Quirk resolved: Border Missourians get Missouri addresses

ST. LOUIS (AP) — A quirk in the mail delivery system that forced some rural Missouri residents living along the Iowa and Arkansas borders to have mailing addresses in neighboring states has been fixed, U.S. Sen. Claire McCaskill said Tuesday.

The idiosyncrasy affected just a few people but created problems and red tape when they voted, paid taxes and even when they died.

McCaskill learned about the oddity last year and began inquiries to the U.S. Postal Service. In a letter to McCaskill on Monday, Postmaster General Megan Brennan wrote that the issue has been resolved and those who previously suffered from border confusion can now use Missouri as their state designation.

Brennan said the conversion has actually been in place for several months without any reported problems.

McCaskill, in a statement, said she was glad “we’ve made progress in fixing this bizarre and inconvenient quirk once and for all.”
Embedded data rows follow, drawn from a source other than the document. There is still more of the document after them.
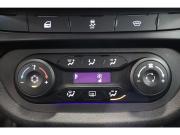 Lada (ВАЗ) Vesta I Коломна  - изображение 26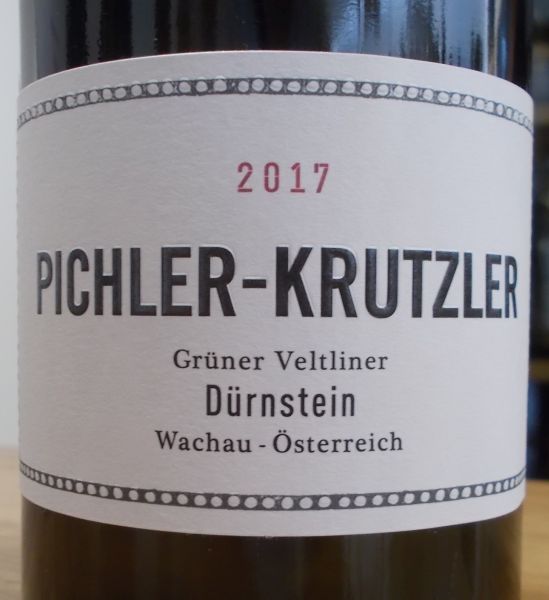 wachau_pichlerkrutzlergrunerveltlinerdurnstein2017.jpg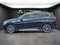 2020 BMW X1 sDrive28i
McCaskill, a Democrat, serves on the Homeland Security and Governmental Affairs Committee, which has jurisdiction over the Postal Service. She is running for re-election against Republican Missouri Attorney General Josh Hawley.

The exact number of affected residents was unknown. Also unclear is why Missouri residents were assigned Iowa and Arkansas postal addresses in the first place.